CELESTE LEITE DOS SANTOS – Precisamos mudar essa terminologia, que, assim utilizada, perpetua estereótipos de gênero na sociedade. Cultura é um conjunto de atividades, de instituições, e de padrões sociais ligados à criação e à difusão das belas-artes, e das ciências humanas, só para citar algumas possibilidades. Estupro é uma conduta violenta contra a dignidade e a liberdade sexual. Não podemos associar algo que tem de ser combatido com algo que pode ser difundido em nossa sociedade. Na História, o estupro, como forma de violência contra as mulheres, surgiu no início da Idade Média, quando elas passaram a ser protagonistas em cenários políticos, como senhoras feudais e nas cruzadas, contrariando o papel que lhes era atribuído, o de esposas, de cuidadoras da casa e dos filhos. A violência contra a mulher, em especial a sexual, como algo até então “autorizado” em nossa sociedade, passou, então, a ser difundida, agregando-se predicados à mulher – como “não honesta”, por exemplo. Havia uma espécie de autorização, tácita, no passado, de que, quando em espaço público desacompanhada do marido, ela poderia ser objeto de violência, sendo irrelevante o seu consentimento para a prática do ato sexual. Desde então, lutamos para extirpar esses estereótipos do nosso meio social, para que haja igualdade efetiva entre homens e mulheres, em espaços públicos e privados. Como principais características do estupro, podemos apontar a ausência de permissão da vítima e a violência física ou moral. Importante destacar, ainda, que o consentimento de pessoa menor de 14 anos não é válido em nosso País, pois a vulnerabilidade da vítima é considerada absoluta. Aquele que pratica ato libidinoso ou conjunção carnal com menor de 14 anos, inclusive, responde por crime mais grave, que é o estupro de vulnerável.

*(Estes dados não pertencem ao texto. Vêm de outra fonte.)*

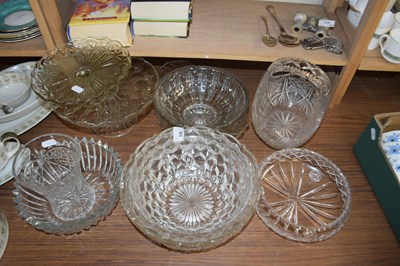 Lot 518 - Mixed Lot: Various assorted glass bowls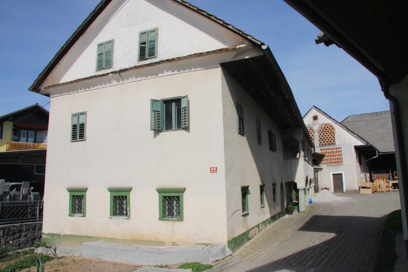 Lahovče - Hiša z mlinom Lahovče 64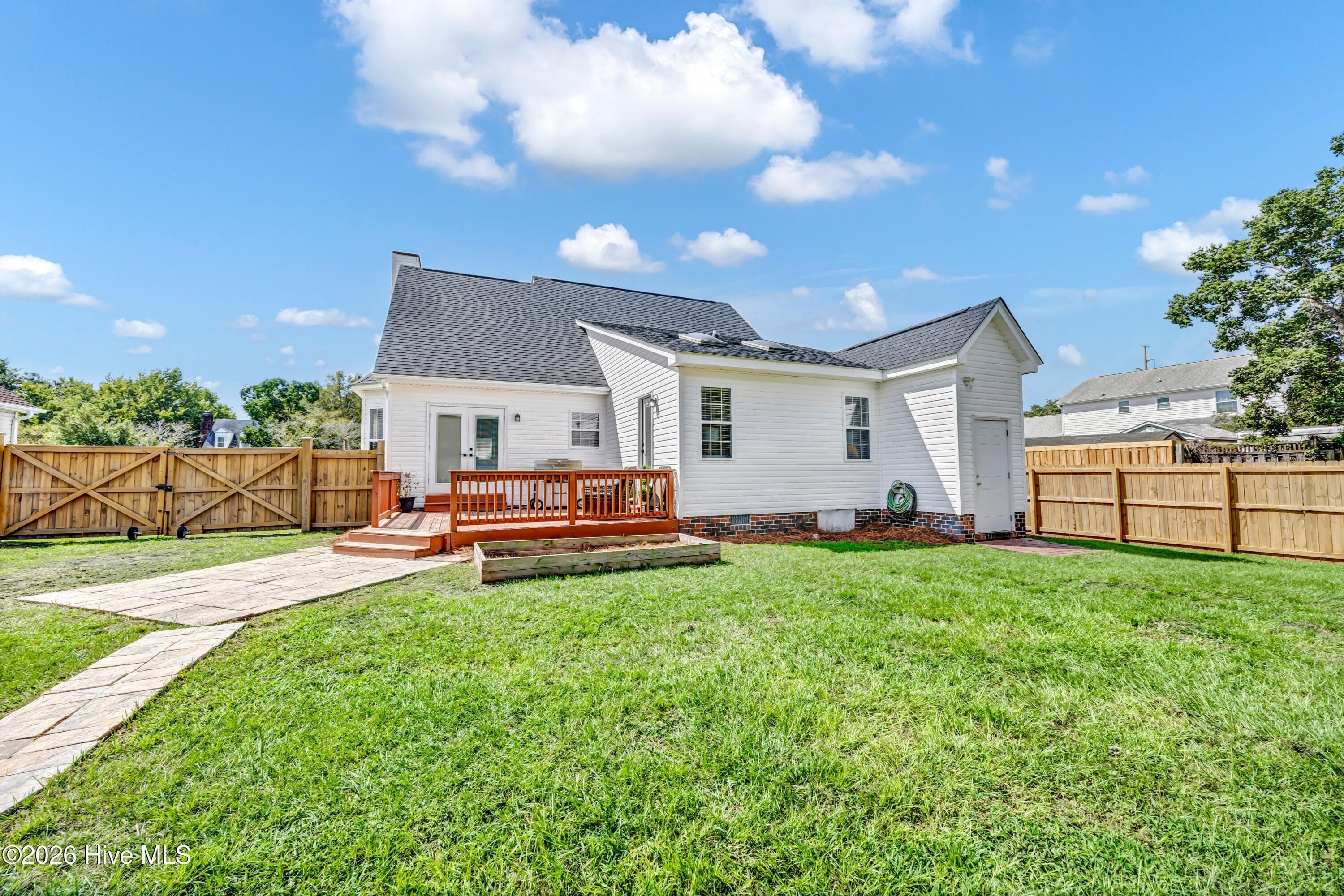 Single Family Residence at 507 Commons Way, Wilmington, NC 28409, photo 29 of 51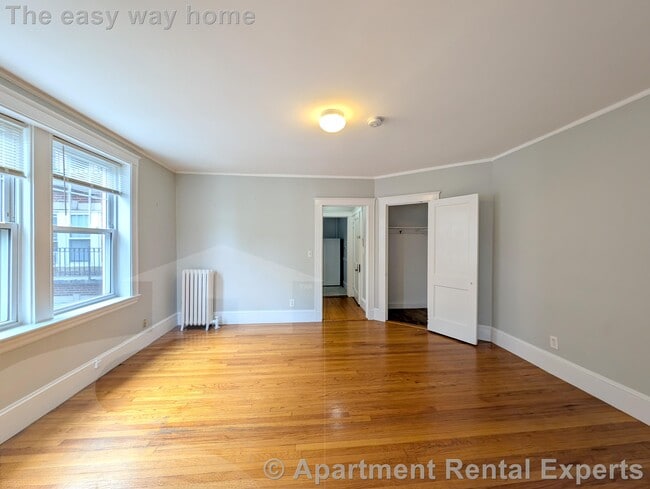 Building Photo - 156-158 Summer St Unit #302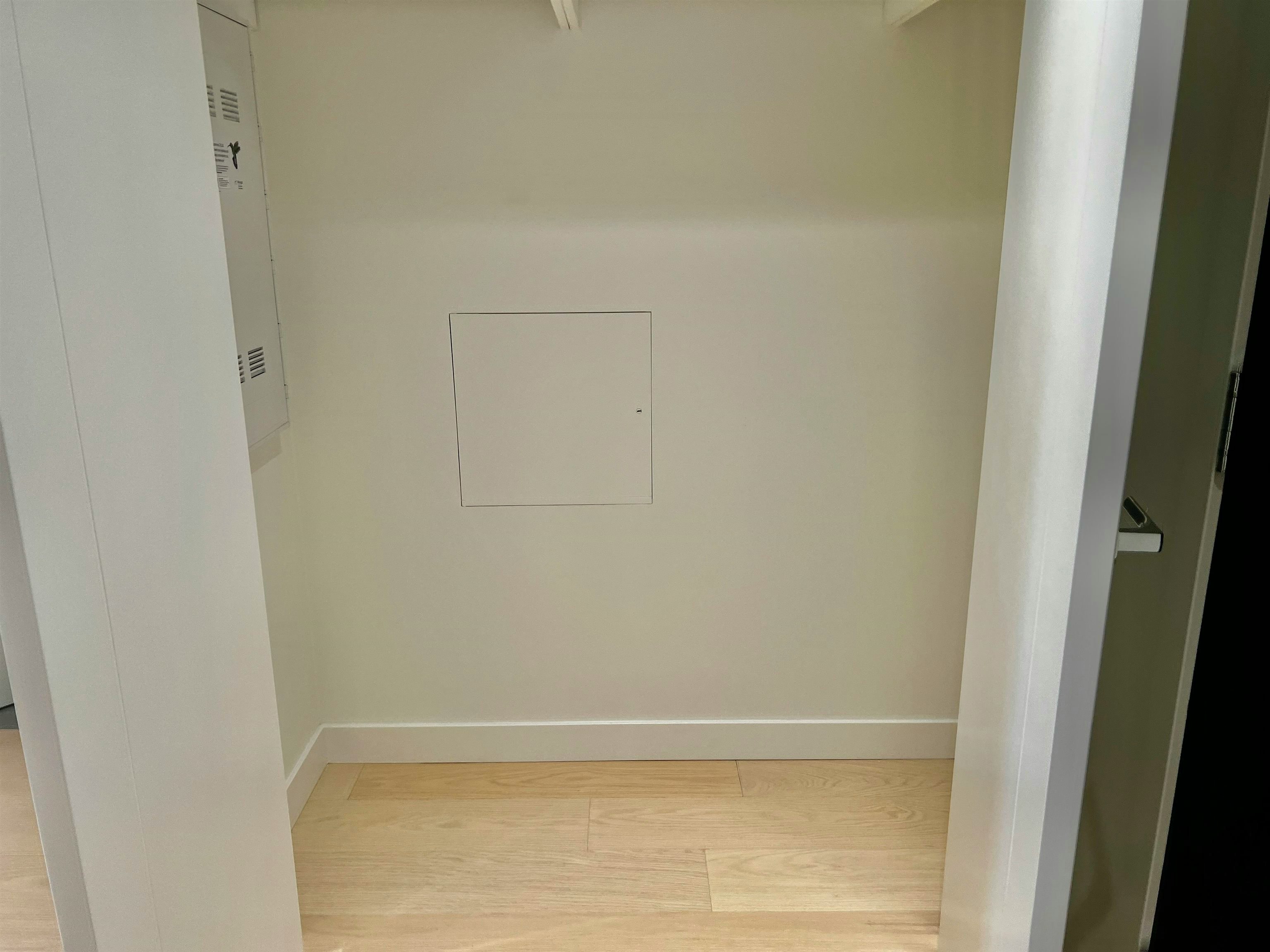 4F-785 Harbour Way, North Vancouver, BC, V7P 0G3 - 9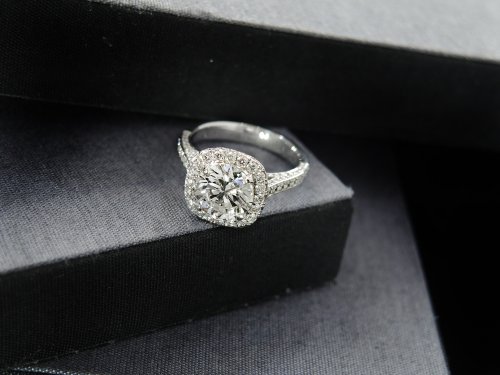 60年目の結婚記念日 ダイヤモンド婚式に人気のプレゼントランキング21 ベストプレゼントガイド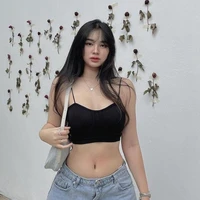 อีฟ(ผู้ดูแลสถานเลี้ยงเด็กกำพร้า)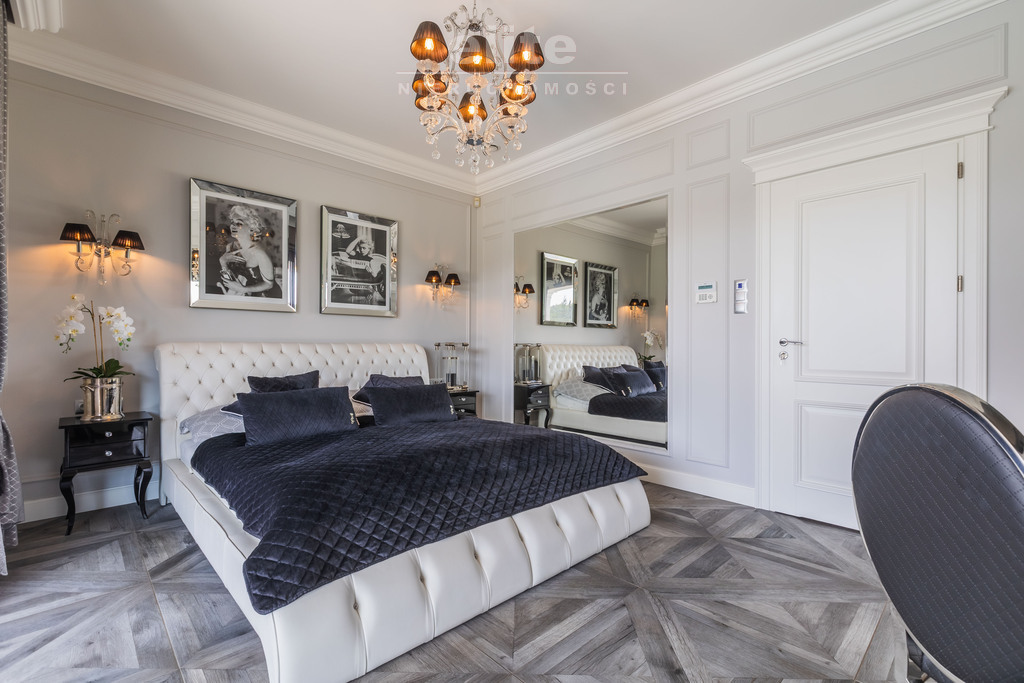 Na sprzedaż stylowy luksusowy dom z basenem ! (23)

LUCIANA INOCÊNCIO – O termo foi criado na década de 1970 por feministas americanas e é utilizado para descrever um ambiente no qual o estupro é predominante e a violência sexual contra mulheres é normalizada na mídia e na cultura popular. Termos que difamam mulheres permitem a objetificação de seus corpos e glamurizam a violência sexual. A cultura do estupro traz que a mulher não é um ser humano, e, sim, “uma coisa”. Vivemos numa sociedade patriarcal que considera que nós, mulheres, somos ou sujeitos de segunda categoria, ou, em alguns casos, que não somos sujeitos e podemos ser utilizadas ou destruídas. Ressaltando que a cultura do estupro começa no nascimento, quando a família recebe o bebê. O recém-nascido vem com várias expectativas: se for menino, espera-se que seja agressivo; se for menina, espera-se que seja delicada. São roteiros pré-determinados para cada genero.

Quais são os maiores desafios enfrentados na luta contra a cultura do estupro e na promoção da igualdade de gênero?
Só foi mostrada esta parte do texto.